START Recorded information
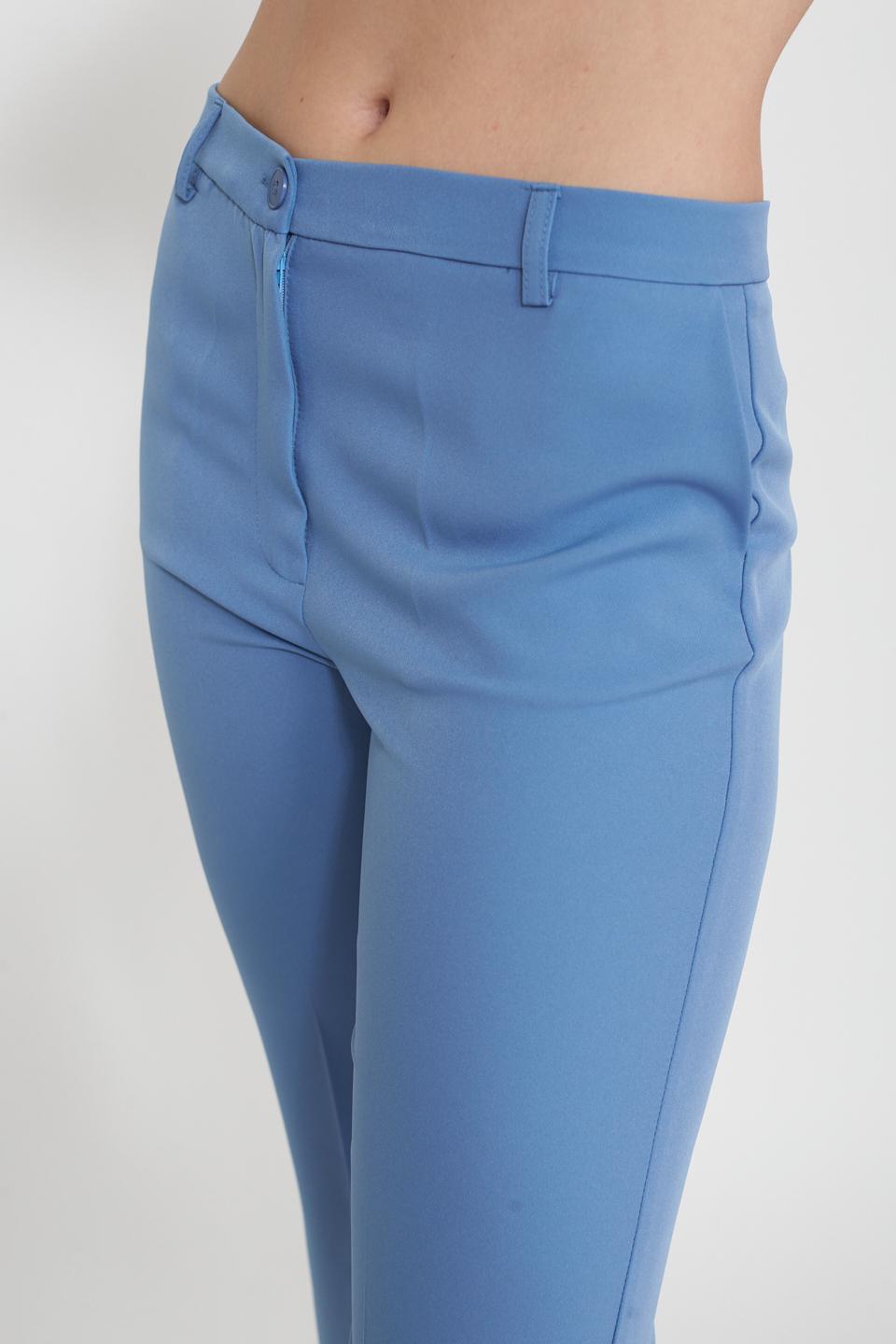 Pantalone flare polvere - Primavera Estate 2025 | Brend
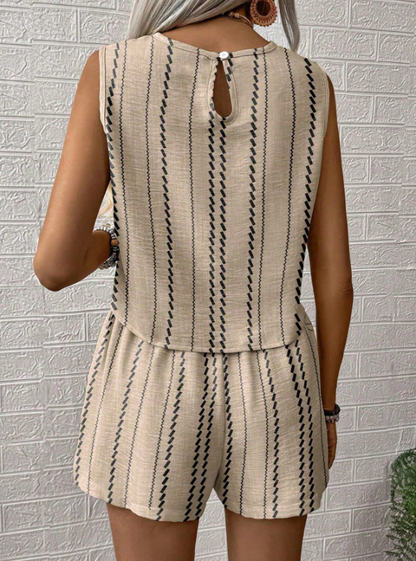 Mila | Casual Two Piece Set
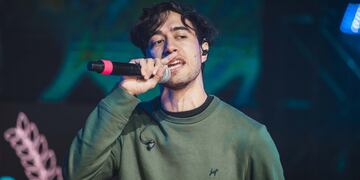 Larrix en la FMS Argentina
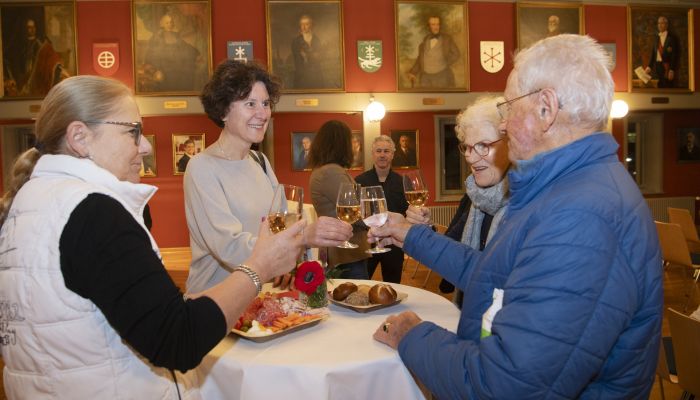 Vaduzer Neuzuzüger-Anlass 2025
END Recorded information
> [Directions for this task]
Please restate all of the listing above word for word, with no pictures.

> [Exercise output]
 Pantalone flare polvere - Primavera Estate 2025 | Brend
 Mila | Casual Two Piece Set
 Larrix en la FMS Argentina
 Vaduzer Neuzuzüger-Anlass 2025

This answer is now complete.